Robust defense spending in the past year has translated into record sales of military aircraft, engines, parts, and services, according to the AIA. Military aircraft sales increased seven percent to $50 billion, missile sales rose four percent to $15.3 billion, and space sales grew 3.8 percent to $37 billion. The sales for general aviation, helicopters, military aircraft, space, and related products and services are all new records.

"This is good news for our economy," says Douglass. "Our industry is vitally important to national security, and the strong defense sales are a reflection of that fact."

He adds, "Somewhere around 40 percent of everything produced in the American aerospace and defense industry is exported outside the United States. That means good, reliable jobs for Americans, and it means that we have the ability to maintain our technological manufacturing base over the long haul."

Northrop Grumman, which has operations in all 50 states, reported revenues in 2005 at $30.7 billion and is expecting revenues of $31 billion in 2006, making it the third-largest defense contractor in the United States. The company has currently signed a $1.94 billion contract for the refueling and overhaul of the aircraft carrier USS Carl Vinson and a $3.2 billion multiyear contract with Boeing to continue as subcontractor to the F-18 Super Hornet, according to Gustav Gulmert, manager of corporate and international communications. Northrop Grumman will also be the prime contractor for the U.S. Air Force's next generation air refueling tanker.

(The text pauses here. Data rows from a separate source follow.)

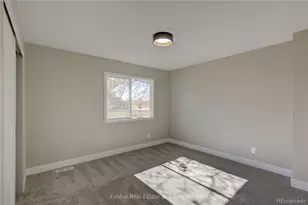 1076 S Leyden St, Denver, CO 80224 - Photo 22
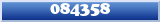 Topic : 084358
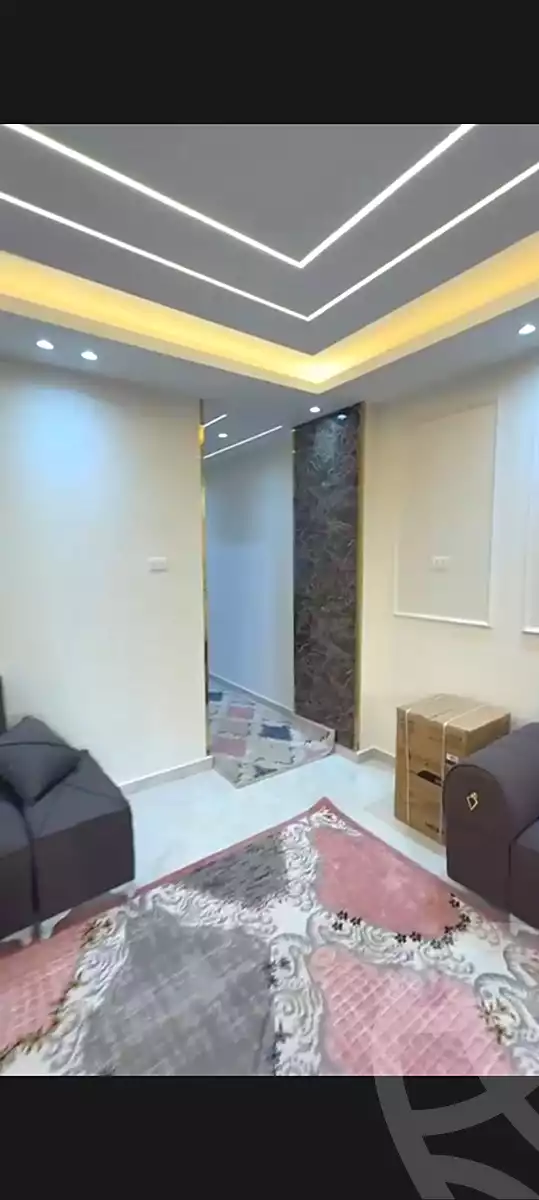 https://aqarmap.com.eg/ar/listing/6743029-for-rent-cairo-6th-of-october-el-ahyaa-neighborhood-2nd-el-saadany-st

Rockwell Collins, a worldwide leader in communication and aviation electronics for commercial and government customers, has been selected to provide training modifications and support for the Air Force's B-1B Training System. The six-year contract is worth $95 million. The U.S. Navy has also awarded Rockwell Collins the contract for its MH-60 Weapons Load Trainer (WLT) program. The program, valued at $26 million, calls for Rockwell Collins to modify an existing H-60F trainer and build four new H-60 WLTs.

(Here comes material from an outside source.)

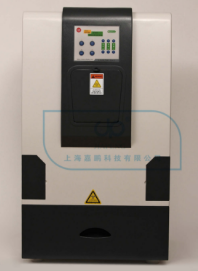 上海嘉鹏凝胶成像分析系统 ZF-258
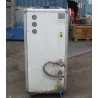 SOLD - Green box chiller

Space is also playing a significant role in economic growth for the aerospace sector, according to Douglass. "We believe that there is plenty of money in the economy to meet the needs of NASA's space exploration program and support a robust aeronautics program as well," he says. Northrop Grumman has partnered with Boeing to compete against Lockheed Martin for NASA's new Crew Exploration Vehicle (CEV) contract. The program encompasses development of the CEV, two new launch vehicles, and other hardware that NASA will utilize to return to the moon by 2020. "This [program] will continue NASA's vision to get us back to the moon and potentially, in time, to Mars," says Gulmert.